**Records to process**
· · ·

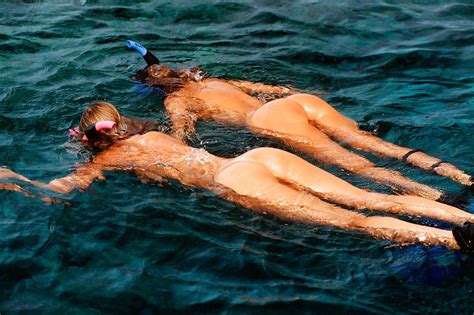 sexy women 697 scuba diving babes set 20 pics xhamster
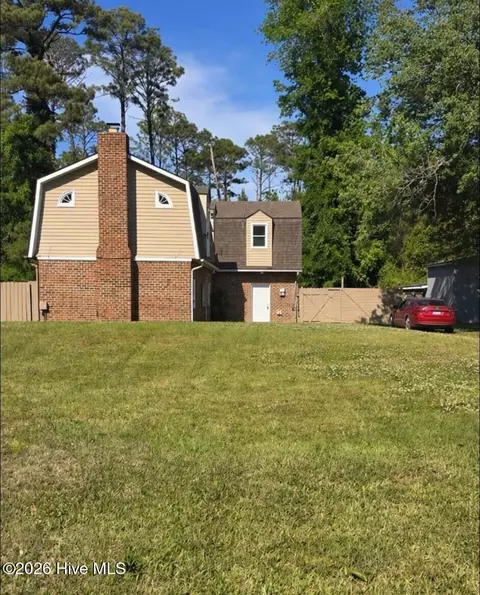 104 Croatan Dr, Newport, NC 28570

· · ·

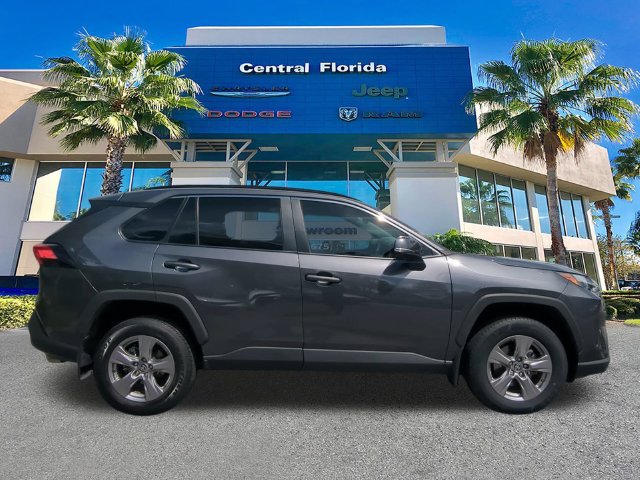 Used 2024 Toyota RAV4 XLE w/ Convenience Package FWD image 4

· · ·

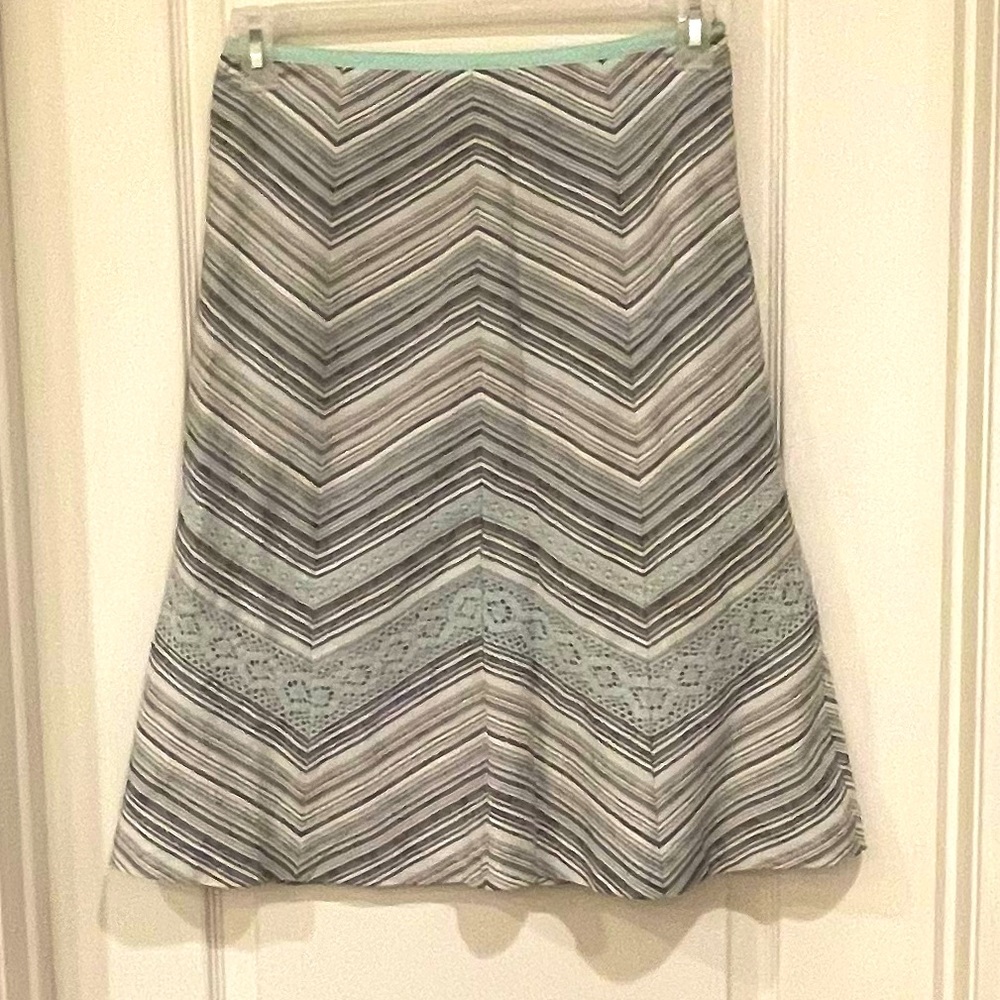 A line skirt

· · ·

**What is needed**
In the listing above, find the line containing "sexy women 697" and the line containing "104 Croatan Dr, Newport, NC 28570". Print those two lines and every line between them exactly, with no pictures.

**Task response**
 sexy women 697 scuba diving babes set 20 pics xhamster
 104 Croatan Dr, Newport, NC 28570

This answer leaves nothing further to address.